EXERCISE BRIEF> For this task, output exactly the lines of the material below starting at the line with "Used 2023 White Lexus 300 image 10" and ending at the line with "sophia lillis panties"; pictures are to be excluded.

ENTRIES SHOWN>
◆ ◆ ◆

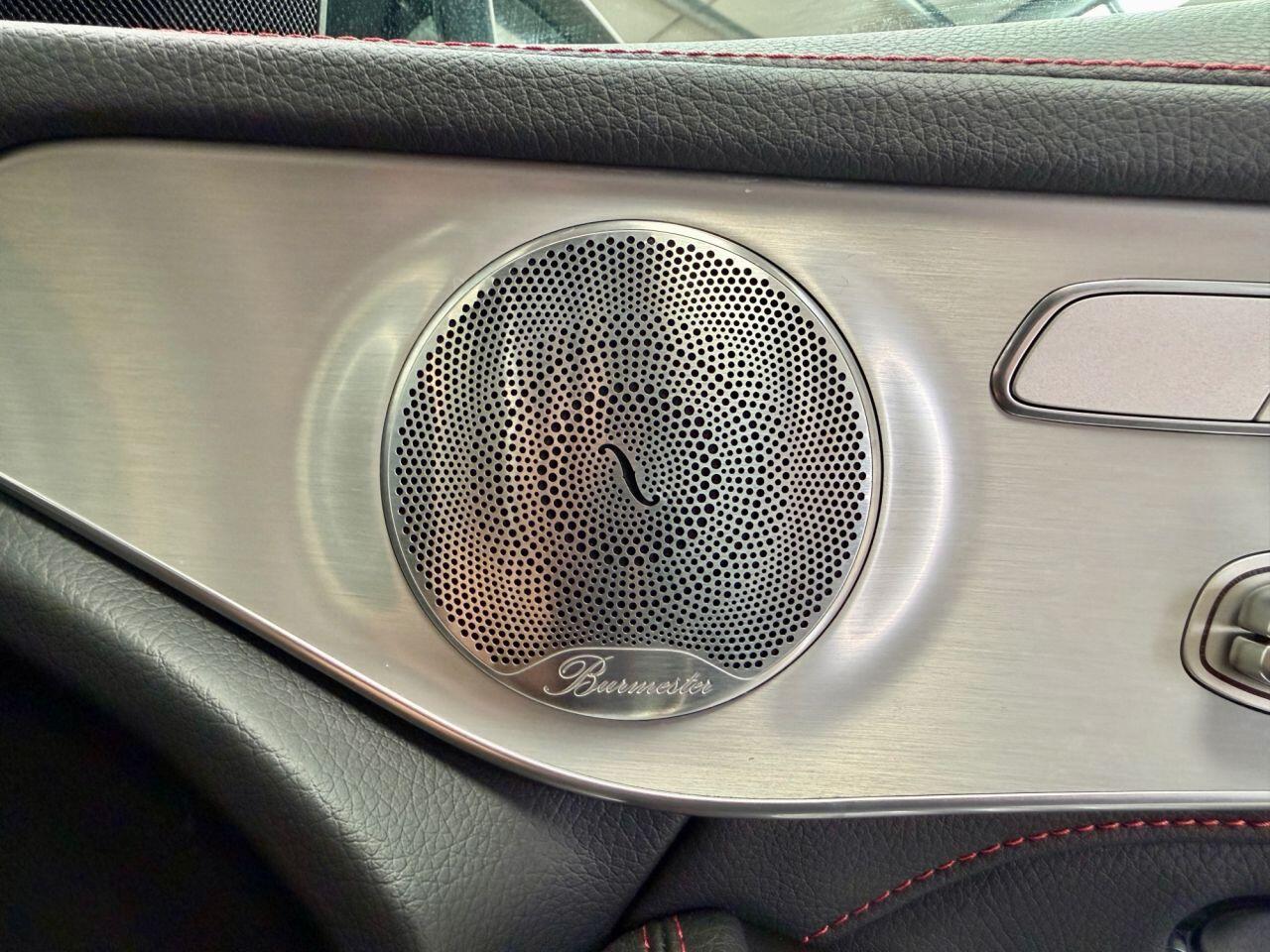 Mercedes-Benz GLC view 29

◆ ◆ ◆

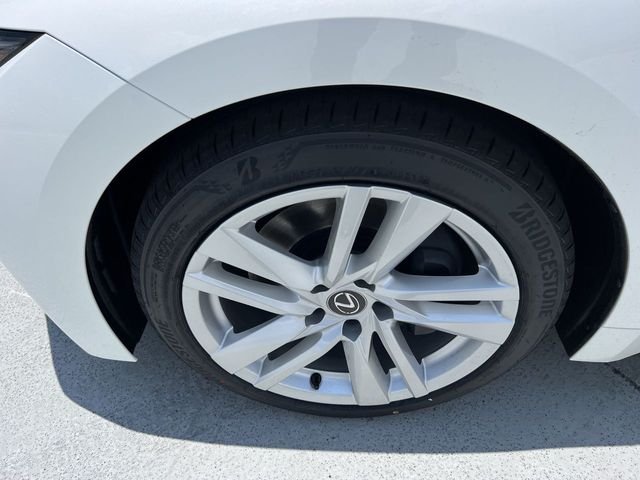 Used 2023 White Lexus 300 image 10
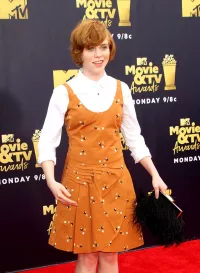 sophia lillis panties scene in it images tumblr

◆ ◆ ◆

ANSWER TO THIS TASK>
 Used 2023 White Lexus 300 image 10
 sophia lillis panties scene in it images tumblr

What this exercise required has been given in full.